A federal wrongful-death lawsuit filed by Friedman Schuman Layser PC attorneys alleges that Philadelphia-based Aramark employees ignored 37-year-old U.S. citizen Zachary Graff for more than 15 hours during a medical emergency at a hospital in China, resulting in his preventable death. The case, filed in the U.S. District Court for the Eastern District of Pennsylvania, highlights critical concerns about multinational corporations' responsibility for employee training and oversight in international healthcare settings.

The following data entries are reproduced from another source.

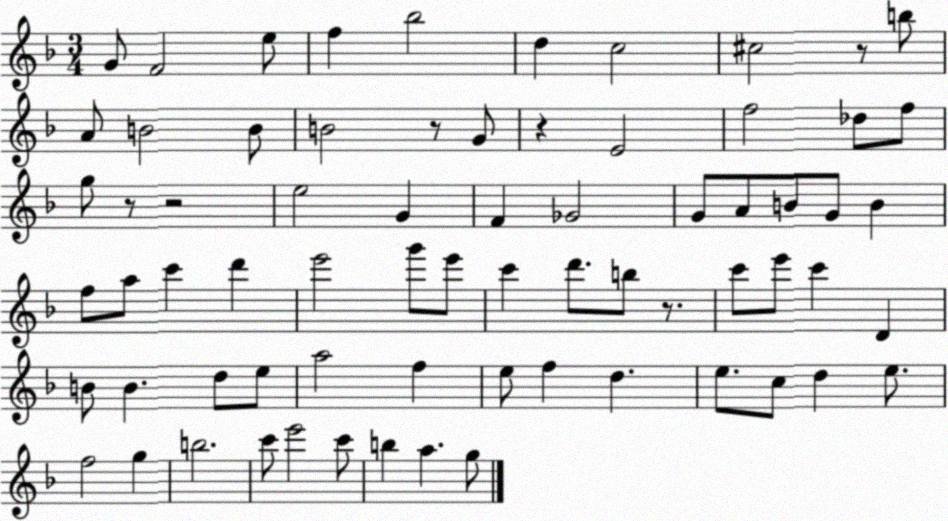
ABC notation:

X:1
T:Untitled
M:3/4
L:1/4
K:F
G/2 F2 e/2 f _b2 d c2 ^c2 z/2 b/2 A/2 B2 B/2 B2 z/2 G/2 z E2 f2 _d/2 f/2 g/2 z/2 z2 e2 G F _G2 G/2 A/2 B/2 G/2 B f/2 a/2 c' d' e'2 g'/2 e'/2 c' d'/2 b/2 z/2 c'/2 e'/2 c' D B/2 B d/2 e/2 a2 f e/2 f d e/2 c/2 d e/2 f2 g b2 c'/2 e'2 c'/2 b a g/2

The complaint states that on May 7, 2023, Graff visited a clinic inside Gulou Hospital in Nanjing to fill a prescription for chronic knee pain. After taking medication around 10:30 a.m., he began staggering through the facility and sat in a chair near an escalator on the hospital's fourth floor, where he remained unresponsive and breathing abnormally for hours. According to the lawsuit, at least 10 Aramark employees saw Graff in clear medical distress but failed to alert medical personnel.
Fifteen hours of security footage reviewed by the family shows Aramark employees walking past Graff repeatedly, cleaning around him and attempting to engage him without recognizing the medical emergency. One security guard told him to "stop sleeping" on three occasions, while another Aramark employee picked up his phone charger that had fallen to the floor, according to the complaint. The filing alleges the floor was later locked and the lights turned off with Graff still inside.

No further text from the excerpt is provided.